***This was the last post I wrote on thegfgf.com.***
Once upon a time, I wrote a food blog about dieting. On the surface, it wasn’t really about dieting – I certainly didn’t mean for it to be. But there was a particular crowd of bloggers who I wanted to run with and tried to emulate, and their blogs were (are) about dieting. So in my head, if I just ate a little healthier, and a little less every day, eventually my blog might look like theirs and maybe over time I could be the author of a popular healthy living blog, too.
The blog I’m talking about is, of course, the gf-gf. The reason that I haven’t been writing lately is that those healthy eating intentions backfired. The more I told myself “just a little healthier, just a little less,” the more I wanted to eat, well, more!
I’m back with this update today, because for the past few months, I’ve been conducting an experiment. Here’s the gist …
The problem: why am I having these uncontrollable cravings, and why is it that when I tell myself to eat less, I want more food?
The hypothesis: It could be that I’m not eating enough in general, and not eating enough of the foods I really want and like.
The experiment: Over the past couple of months, I’ve been eating two or three meals a day (usually three) of lots of real food. Only things that I like. And most importantly, all those things that I told myself I “shouldn’t” eat because they didn’t fit my healthy meal mindset.
For the first week or two, I dove happily into my favorite foods that I hadn’t allowed myself to eat for … years, in some cases. Mashed potatoes, cheese, French dip sandwiches, and lots and lots of ice cream. The things I craved usually fell into one of two categories: foods I hadn’t eaten due to years of diets (vegetarian, vegan, and all the different variations of low carb-ing); or things my mom cooked when I was growing up.
After those couple of weeks, my cravings started to die down, and I found myself eating many of my regular staples: hummus and eggs and carrots and oatmeal. I made sure to eat enough that I was physically and mentally satisfied after every meal. I didn’t snack much between meals, and I (mostly) limited myself to one dessert per day, usually after dinner.
Oh, and those two meal days that I mentioned – I’m not talking two regular sized meals. I knew that if I was eating less often, I’d need to eat more calories when I did eat (about 1000!) to tide me over until the next meal. I often ate in multiple courses, so I might have a brunch of cheesy scrambled eggs with bacon and then a big bowl of buttery popcorn. Then, I’d go about my day and live my life and not think about food for a while. Dinner would be 7-8 hours later, and would be equally large, say a hamburger with salad and fries, and ice cream for dessert.
The conclusion? Well, I feel saner and less anxious about food than I can remember feeling. I have a pretty comfortable routine of eating satisfying meals. When we have friends coming over and decide to have nachos for dinner, I don’t freak out about the chips and cheese not jiving with my “healthy eating plan.” I just eat. It’s only food, and it’s nowhere near as important as enjoying my friends’ company.
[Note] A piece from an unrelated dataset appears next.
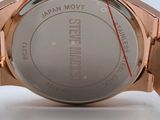 an image of a close up of a watch on a white surface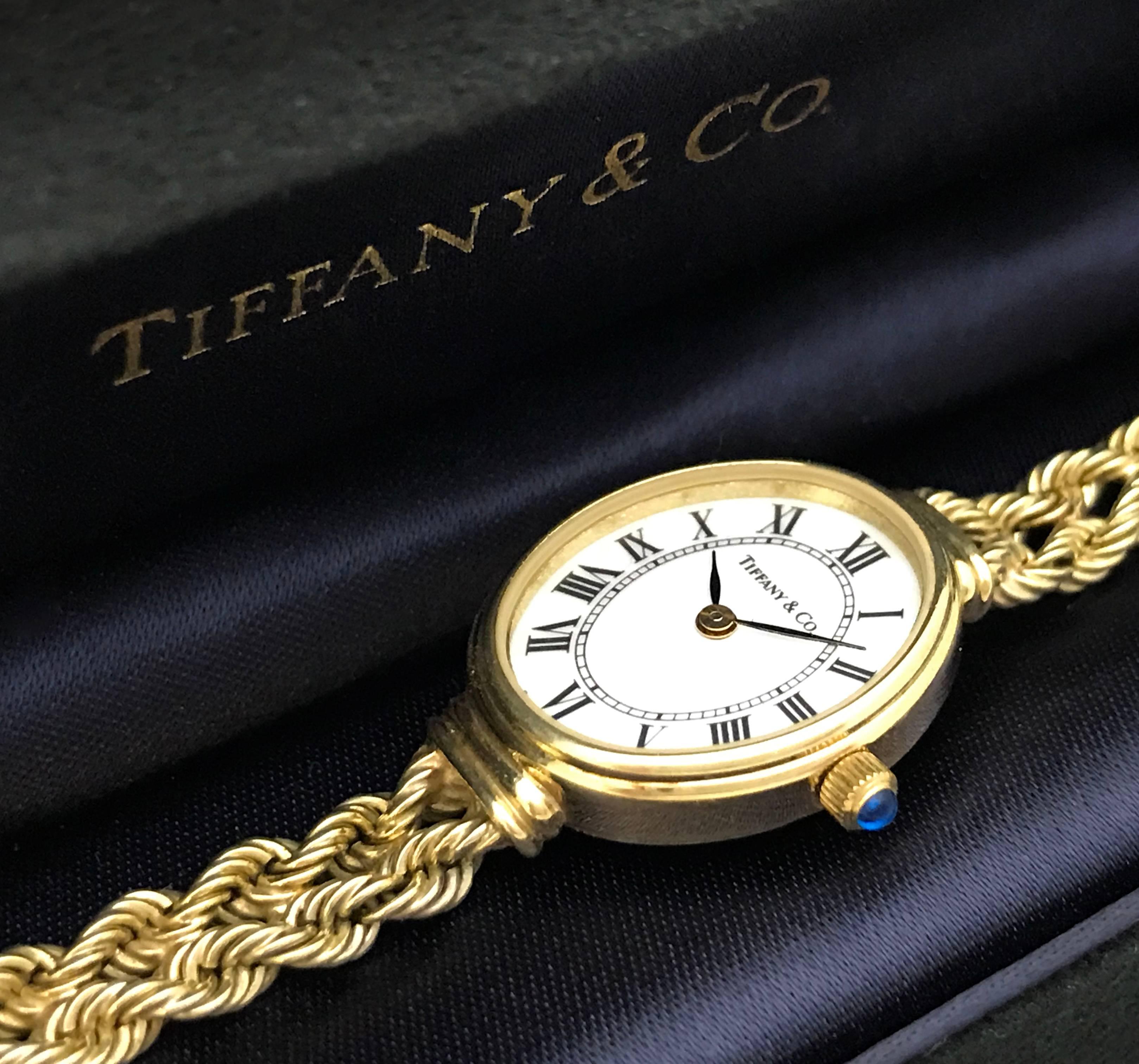 Tiffany & Co. Lady's 14k Gold Bracelet Watch, Circa 1996. The watch has an oval white dial with black enamel Roman hours, black leaf-style hour and minute hands, and a quartz movement on a double row twisted rope bracelet. Round blue sapphire detail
So the only thing left to figure out is what to do with this little blog of mine. It’s been almost two years since I began blogging here, and in that time, well, my whole life has changed. The gf-gf documents the seven months I spent in massage school, the time I fell in love with world travel, and has seen my relationship with Joel grow from boyfriend and girlfriend to soon-to-be husband and wife. But I’m ready to move forward.
I’ve bought a new domain, and I’m slowly setting up shop there. A few posts from this blog (notably, those from my trips to Italy and South Africa) will transfer over, but I’ll delete many that I don’t think are a reflection of my new food philosophy.
There’ll still be food pictures and occasionally recipes in my new space, but it won’t be anywhere near as narrowly focused. I want it to document more of my life, and less of what I ate. I’ll post here again when the new site is up and running.
In the meantime, thanks to all for reading, for your encouragement and kindness over the past couple of years.